At the time when the radio-carbon dating was published, it was already clear that many of the proposed theories about the origin of the MS were highly incompatible with these results, and presently I am aware of at least three new theories that propose much more recent dates for the MS. The authors of these theories then either need to argue that the above result is incorrect, or that the parchment must have been preserved unused for one or more centuries. While that is not impossible per se, we need to keep in mind that for the dating we are talking about a 95% proability range, and it is clear that such scenarios are way outside this range.
Similar to the Voynich MS, the Vinland map has been subjected to ^{14}C analysis and it may be of interest to also present these results. All information is taken from Donahue et al. (2002) (11). The map itself consists of only one sheet, and several samples were taken from this sheet. These samples were processed sequentially, but all with different preparation (cleaning) steps.

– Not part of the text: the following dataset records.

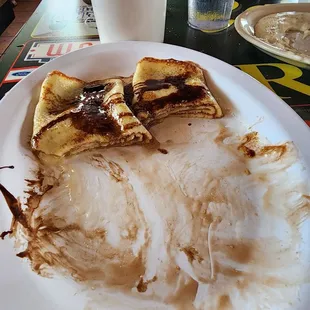 Cream cheese stuffed crepes w chocolate syrup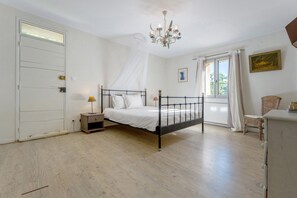 Een slaapkamer met een bed, nachtkastje, lamp, raam met gordijnen en een schilderij aan de muur.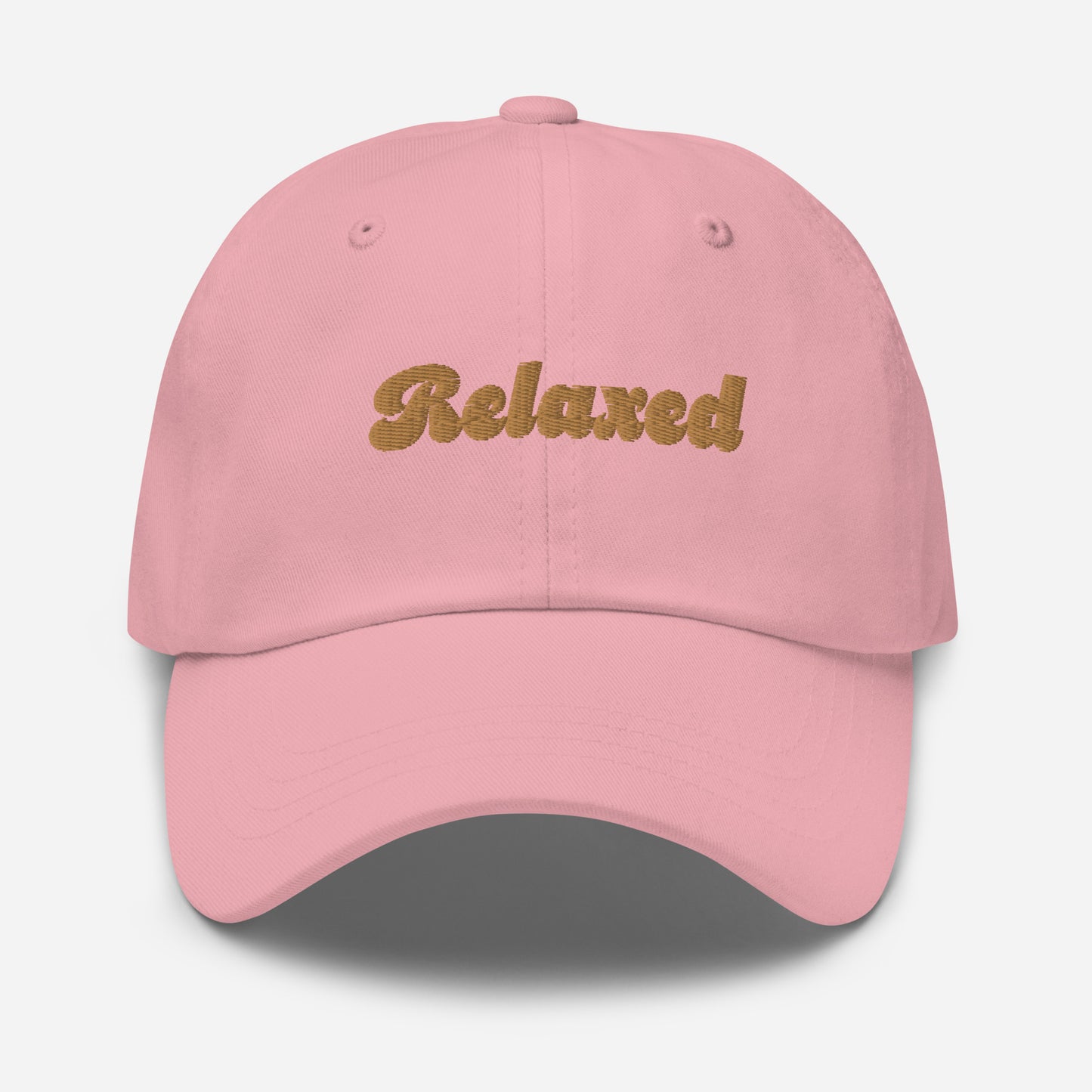 Portland city editions with “Relaxed” type in gold embroidery on pink casual dad hat front view on white background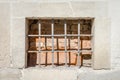 Old abandoned wooden box with glass of rusty metal bars in the concrete wall in a building of ancient architecture in Lviv Royalty Free Stock Photo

The first sample resulted in a ^{14}C fraction of 1.0176. A value greater than one could be considered impossible, but in practice it means that the Vinland map has been significantly contaminated by post-WW2 nuclear tests as mentioned in the introduction. Therefore, for all other samples more thorough cleaning processes were employed. The results in terms of ^{14}C content are shown in Table 4 below, where 'Process Code' refers to different cleaning processes:
Sample Process Code |
^{14}C fraction | Sigma |
---|---|---|
B (1) | 0.9588 | 0.014 |
B (2) | 0.9507 | 0.0035 |
C | 0.9353 | 0.006 |
D | 0.9412 | 0.003 |
E | 0.9310 | 0.008 |
Table 4: results for samples of the Vinland map that were subjected different cleaning processes.

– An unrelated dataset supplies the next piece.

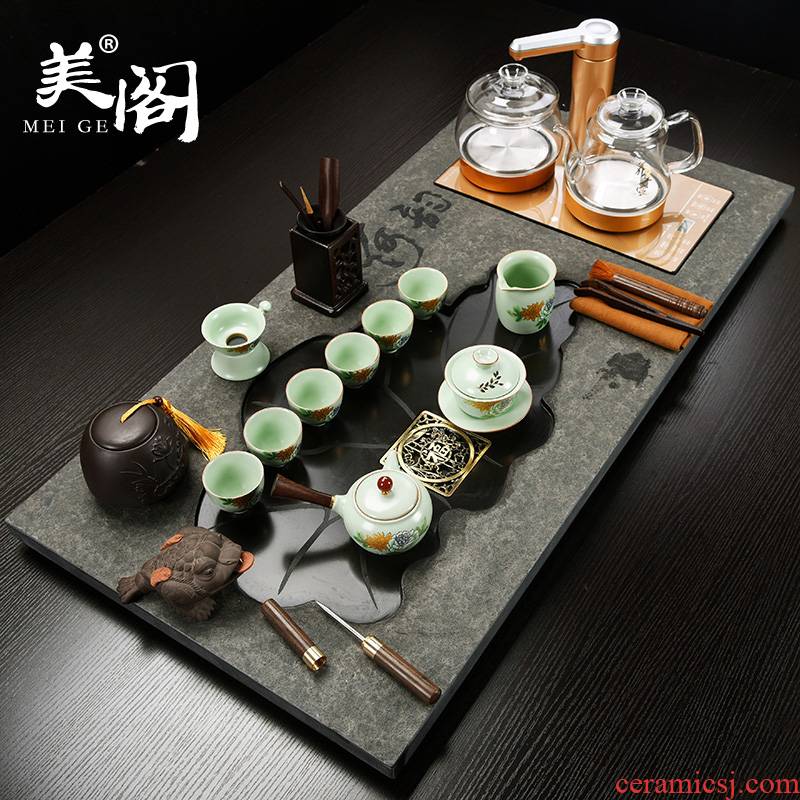 The cabinet sharply stone tea tray ceramic tea set a complete set of kung fu household automatic induction cooker tea tea taking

These values are all below 1, which shows that the cleaning has apparently successfully removed the post-WW2 contamination. Similar to above, these values may be converted to un-calibrated age:
Sample Process Code | Age (before 1950) | Year | Sigma |
---|---|---|---|
B (1) | 338 | 1612 | 117 |
B (2) | 406 | 1544 | 30 |
C | 537 | 1413 | 52 |
D | 487 | 1463 | 26 |
E | 574 | 1376 | 69 |
Table 5: un-calibrated ages and dates for samples of the Vinland map that were subjected different cleaning processes.

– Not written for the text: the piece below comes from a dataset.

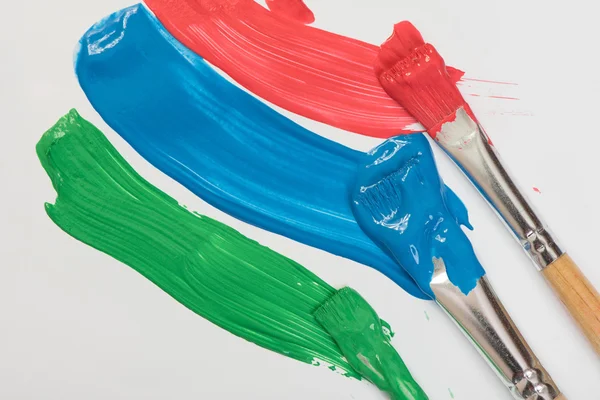 Paint brushes with gouache — Stock Photo, Image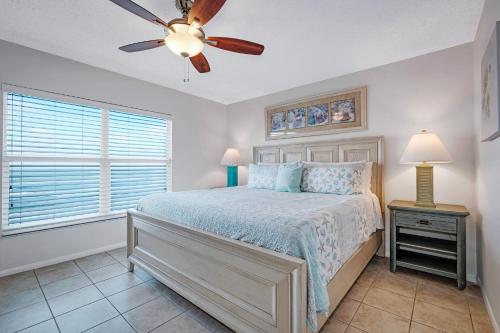 ニュー・スマーナ・ビーチにあるDirect Oceanfront Condo, No-Drive Beach, Great Beach View From Private Balconyのベッドと天井扇風機のある寝室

The following graph shows the probability distributions for these five ^{14}C fractions:
Figure 10: The probability distributions of the measurements based on the five different cleaning processes for samples of the Vinland map.
In a qualitative sense, the consistency is clearly not quite as good as that for the Voynich MS. It should be kept in mind that the situation here is quite different from the one above. For the Voynich MS we had four samples from different pages. Here, we have samples from the same page, but with different cleaning processes. To find a combined result, the paper computes a weighted average of the five samples
(12),
which is:
0.9434 ± 0.0033
The paper states that each of the individual measurements is essentially consistent (to the level of their uncertainties) with this average, which is statistically correct, even though it is not intuitive from the above graph.
This combined ^{14}C fration is equivalent with an un-calibrated age of 1482 ± 28 years (the paper has 1483 ± 27). Using the same process as above, the age probability distribution for the Vinland map is as follows (shown together with the Voynich MS):
Figure 11: The probability distribution of the calibrated date of the Vinland map, shown together with that of the Voynich MS.
At least it could be established that the parchment on which the map is drawn predates Columbus' voyage to the Americas.
I am grateful to the Velinska family for feedback on the original text. I could hopefully make the text understandable for people with different levels of knowledge about statistics.